Return the lines that run from the beginning of the entries to the line holding "Hơn 130 công", inclusive, and drop the pictures.

(Beginning of Supplied records)

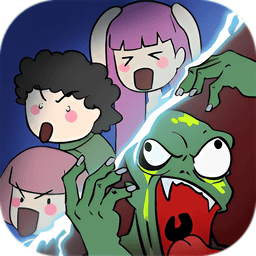 僵尸敢死队HD无限金币v1.0.1
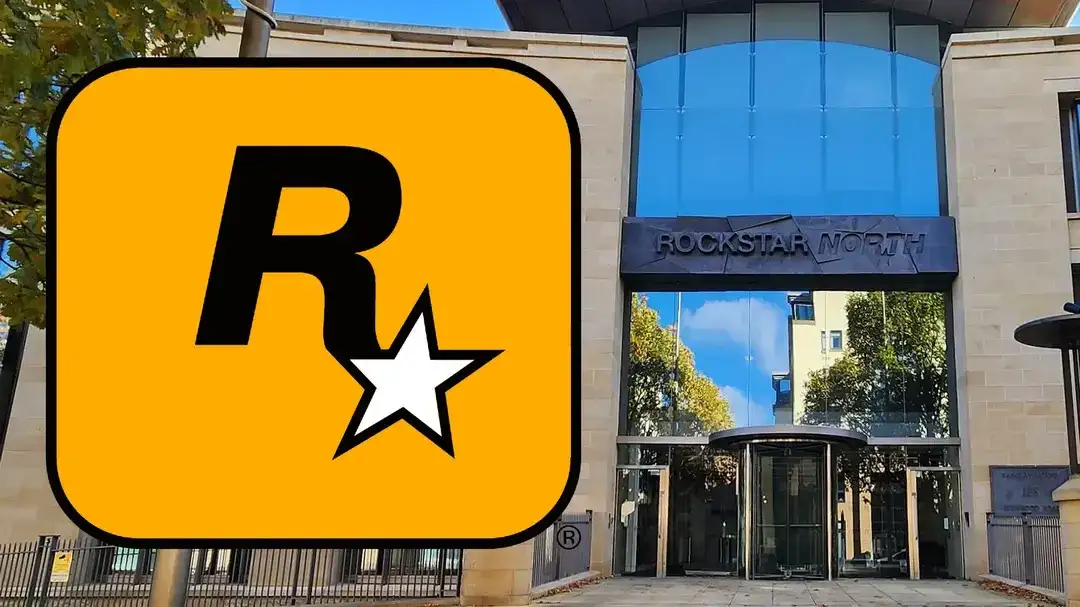 GTA 6 Crunch Rockstar Sindicalização 2026: Desenvolvedores Exigem Fim da Jornada Excessiva
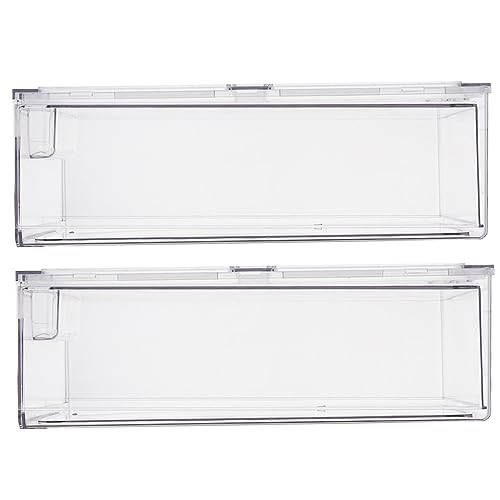 HONMEET ①ɃrZbg 2 ςݏdˉ\ȗ①Ƀr ①ɁEⓀɃI[KiCU[ ʕE؁E`[Yp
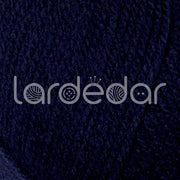 Navy-8416-closeup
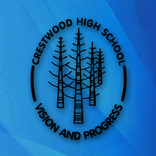 Crestwood High School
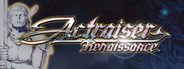 Actraiser Renaissance System Requirements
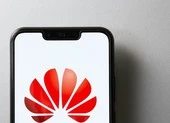 Hơn 130 công ty Mỹ bị cấm bán hàng cho Huawei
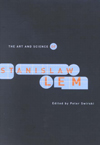 Art and Science of Stanislaw Lem, The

(End of Supplied records)

◆ Solution ◆
 僵尸敢死队HD无限金币v1.0.1
 GTA 6 Crunch Rockstar Sindicalização 2026: Desenvolvedores Exigem Fim da Jornada Excessiva
 HONMEET ①ɃrZbg 2 ςݏdˉ\ȗ①Ƀr ①ɁEⓀɃI[KiCU[ ʕE؁E`[Yp
 Navy-8416-closeup
 Crestwood High School
 Actraiser Renaissance System Requirements
 Hơn 130 công ty Mỹ bị cấm bán hàng cho Huawei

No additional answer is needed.